Welcome to the Git Hub repository for the "Mapping the Television Mega-Text" project. This repository contains a release of our dataset of programming information about 1950's television. This dataset was created by merging together metadata gathered from IMDB.com and elsewhere in an effort to collect, collate, and publish a compendium of metadata about television in the fifties, much of which does not survive in any watchable form today.
In this repository, you will find files containing all of the records from our dataset as CSVs, as well as the Jupyter Notebooks that we wrote in Python3 in order to merge the different sources of television metadata into a single dataset, and that we also used to run a preliminary round of textual analysis working-class content in the Action & Adventure genres.
The notebooks for these python scripts and their accompanying CSVs and image outputs are located in the "merge" and "analysis" folders respectively. The notebook merge.ipynb pulls from a local sqlite database of imdb metadata downloaded on 09/2017. The "merge" folder also contains the jupyter notebook "wiki.ipynb" that contains exploratory work undertaken towards incorporating scheduling information gathered from wikipedia into the dataset. This scheduling information is NOT incorporated into the dataset as it currently is constituted in the file "title5.csv".
Additionally, this README file contains a description of the data, the data structure, and some guidelines on using the data. Please take a minute to briefly read over the sections below carefully.
The compiled data is released as a CSV dump. The file "title5.csv" contains the merged dataset of 1950's programming, and can be found in the merge folder.
Programming information was gathered from 2 sources:
- (1) a bulk download of publicly available data from IMDB
- (2) a public domain scan of Vincent Terrace's Encyclopedia Of Television Shows 1925-2007 on the Internet Archive.
The merged dataset contains program information for 2563 records. Each program record contains 14 different metadata attributes.
In the dataset, these series are displayed as the following columns:
Series | Description |
---|---|
realtitle | assigned by us (defaults to Encyclopedia's title when matched otherwise displays imdb title) |
program_type | from Encyclopedia |
program_genre | from Encyclopedia |
network | from Encyclopedia |
program_description | from Encyclopedia |
first_air_year | from Encyclopedia |
last_air_year | from Encyclopedia |
genre(3) | from IMDB |
plot(98) | from IMDB |
trivia | from IMDB |
program_title | from Encyclopedia |
movie_id | from IMDB |
kind_id | from IMDB (denotes the type of programming content, i.e. series, episode or tv movie) |
title | from IMDB |
There is often more than one genre tags associated with a program. This include the single genre assignment taken from Terrace, and the multiple genre tags assigned on IMDB. In the CSV, these are separated into separate series, and appear as two different columns. The genre tags from Terrace appear under "program_genre," while the IMDB genre tags are collated under genre(3).
Note that the program description field contains the richest amount of textual information pertaining to a given program. Note also, that a range of different sub-types of metadata exist within "program_description" as well. In addition to the prose descriptions of a given program's premise, flavor, and content, the description field may also contain numerous lists of categorized participants and creators. These lists are denoted by unique titles followed by a colon, and may be separated out manually by this punctuation. Types of participant categories occurring in the "program_description" field include:
- "Host:"
- "Hostess:"
- "Starring:"
- "Regulars:"
- "Guests:"
- "Music:"
- "Orchestra:"
- "Vocalists:"
This dataset is provided for the purposes of further exploration, education, experimentation regarding the largely lost world of early television programming.

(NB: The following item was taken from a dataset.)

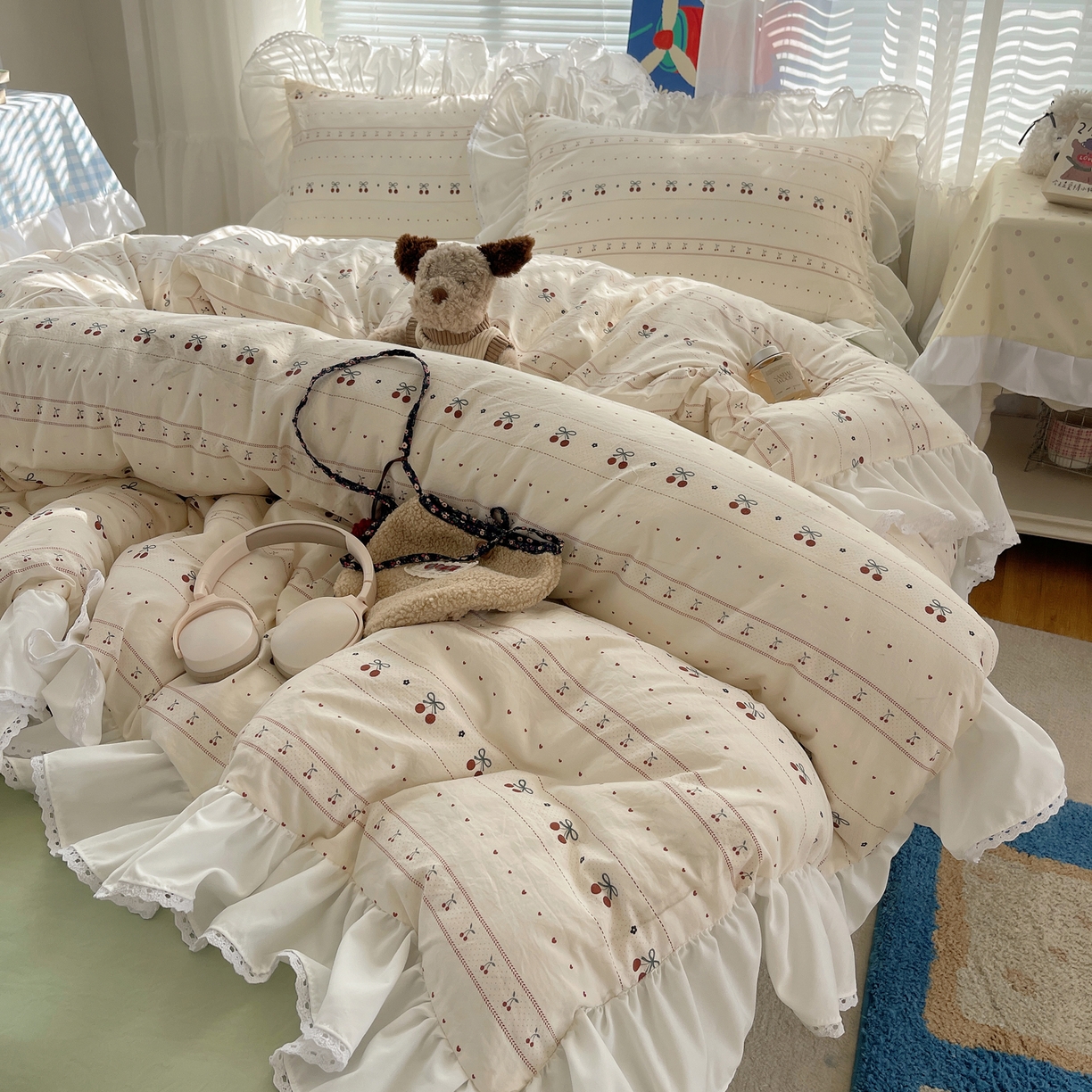 91家纺网 家纺一手货源 找家纺 （总）三朵家纺 2026新款云柔水洗棉大花边A类韩版四件套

If you have identified errors in the dataset, or have additional information to add, we welcome your feedback! Please contact us at kn4@andrew.cmu.edu
Thanks!
Please note that we will not accept pull requests for the data in this repository.
If you have corrections, please email them to us at kn4@andrew.cmu.edu and we will consider suggested corrections for inclusion in a future release.
Our dataset is being offered under the CC-BY 4.0 Creative Commons License:
We respectfully ask that you acknowledge "Mapping the Television Mega-Text" and dSHARP at CMU as a source wherever possible, in order to preserve a link to the dataset.
If this data is to be cited in a publication, please cite it using this DOI #ADD DOI from KiltHub
Use of this dataset does not grant or imply the approval, commission, or support of your work by the researchers, Carnegie Mellon University, or dSHARP at CMU. If you transform or modify to the dataset, you must clearly distinguish the resulting work as having been modified from this dataset.
The writers would like to thank and acknowledge the funding of this project by the Andrew W. Mellon Foundation, as well as the technical and professional support of digital humanists and specialists at Carnegie Mellon University and the University of Pittsburgh including Scott Weingart, Daniel J. Evans, Emma Slayton, Matt Lavin, and Matthew Lincoln.